Begnning in 1988 through 2013, the yearly numbers of publications in referred journals by Professors Swartz are as follows: 2,0,0,1,5,1,2,4,2,3,4,2,3,3,2,2,4,2,2,5,1,3,2,6,1,3. In a test of whether his publication rate is 3 papers per year, the p-value = 2P(X<= 2.5) = 2 P( t26 <= (2.5-3)/(1.5033/ sqrt (26) ) = 2P ( t25 <= -1.696) = 0.102 is obtained and the null hypothesis is not rejected . There are various probelms with the assumptions underlying the test procedure. Describe some of the problems.

Answer 1

Sol:

H0:mu=3

H1:mu not =3

alpha=0.05

Rcode to get t statistic and p value is:

no_of_publications <- c(2,0,0,1,5,1,2,4,2,3,4,2,3,3,2,2,4,2,2,5,1,3,2,6,1,3)
t.test(no_of_publications,mu=3)

Result:

One Sample t-test

data: no_of_publications
t = -1.6959, df = 25, p-value = 0.1023
alternative hypothesis: true mean is not equal to 3
95 percent confidence interval:
1.892792 3.107208
sample estimates:
mean of x
2.5

t=-1.6959

p=0.1023

p>0.05

do not reject H0

Accept Null hypothesis.

various probelms with the assumptions underlying the test procedure:

NORMALITY ASSUMPTION:

If the distribution of sample data of yearly number of publicatons is normal ,fine to use a t test.

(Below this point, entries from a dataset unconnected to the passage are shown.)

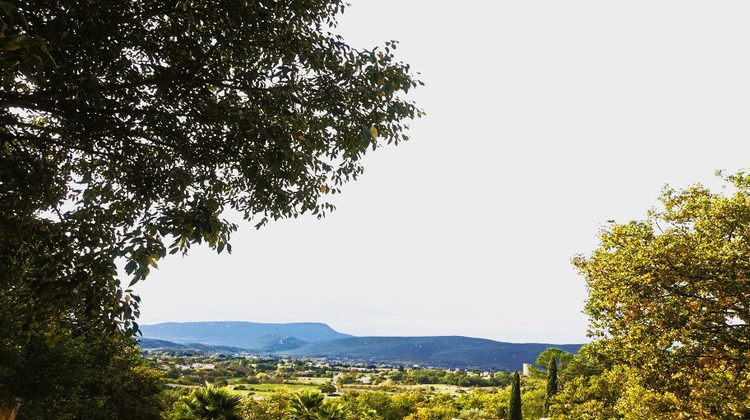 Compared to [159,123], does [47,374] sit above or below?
below

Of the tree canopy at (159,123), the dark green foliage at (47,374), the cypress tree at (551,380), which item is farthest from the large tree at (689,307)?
the cypress tree at (551,380)

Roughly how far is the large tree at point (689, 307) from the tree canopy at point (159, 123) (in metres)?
8.25

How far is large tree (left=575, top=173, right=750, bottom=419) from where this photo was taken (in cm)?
908

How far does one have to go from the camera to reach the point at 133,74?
5.54 metres

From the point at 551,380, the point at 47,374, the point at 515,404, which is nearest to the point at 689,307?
the point at 47,374

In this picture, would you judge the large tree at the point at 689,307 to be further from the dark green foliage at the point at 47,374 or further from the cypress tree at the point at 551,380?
the cypress tree at the point at 551,380

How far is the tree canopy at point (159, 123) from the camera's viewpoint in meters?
4.33

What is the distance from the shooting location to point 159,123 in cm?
580

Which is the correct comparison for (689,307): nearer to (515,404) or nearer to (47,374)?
(47,374)

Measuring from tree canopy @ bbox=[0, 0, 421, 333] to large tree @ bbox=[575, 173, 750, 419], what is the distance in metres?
8.25

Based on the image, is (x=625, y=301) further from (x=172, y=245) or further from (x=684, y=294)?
(x=172, y=245)

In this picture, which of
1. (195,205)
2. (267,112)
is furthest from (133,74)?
(195,205)

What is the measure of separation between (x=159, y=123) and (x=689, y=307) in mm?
12124

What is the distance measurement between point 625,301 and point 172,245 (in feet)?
37.1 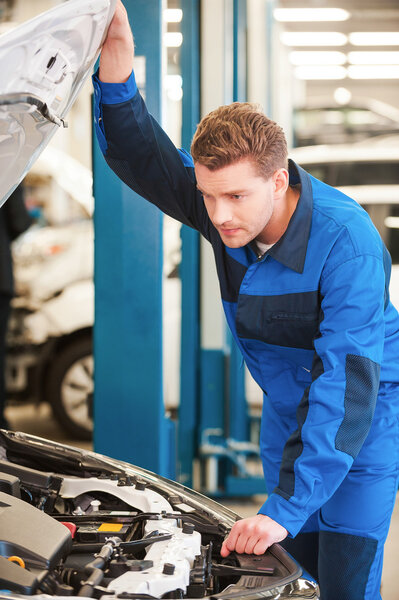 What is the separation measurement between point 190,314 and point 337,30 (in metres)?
10.3

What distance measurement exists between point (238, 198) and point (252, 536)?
2.31ft

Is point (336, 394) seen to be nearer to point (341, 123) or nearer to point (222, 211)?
point (222, 211)

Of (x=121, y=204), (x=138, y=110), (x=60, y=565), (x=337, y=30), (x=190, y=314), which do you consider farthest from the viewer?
(x=337, y=30)

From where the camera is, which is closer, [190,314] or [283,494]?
[283,494]

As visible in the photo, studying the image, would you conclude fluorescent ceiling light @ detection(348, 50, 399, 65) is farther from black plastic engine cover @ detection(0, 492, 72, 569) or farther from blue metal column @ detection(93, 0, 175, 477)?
black plastic engine cover @ detection(0, 492, 72, 569)

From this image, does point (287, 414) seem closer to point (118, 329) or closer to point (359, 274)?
point (359, 274)

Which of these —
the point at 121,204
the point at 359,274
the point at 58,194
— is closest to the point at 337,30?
the point at 58,194

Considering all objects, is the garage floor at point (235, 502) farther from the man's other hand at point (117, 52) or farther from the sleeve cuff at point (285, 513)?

But if the underlying distribution is not normal and sample size is small(rule of thumb n>30 per group if not too skewed;n>100 if the distribution is really skewed,the central imit theorem takes some time to kick in.cannot use t test

t test is very robust against the normality assumption.

if its not normal use wilcoxson rank sum test

INDEPENDENCE (CRITICAL)

For single mean as in this case,the observations within a sample must be indpendent.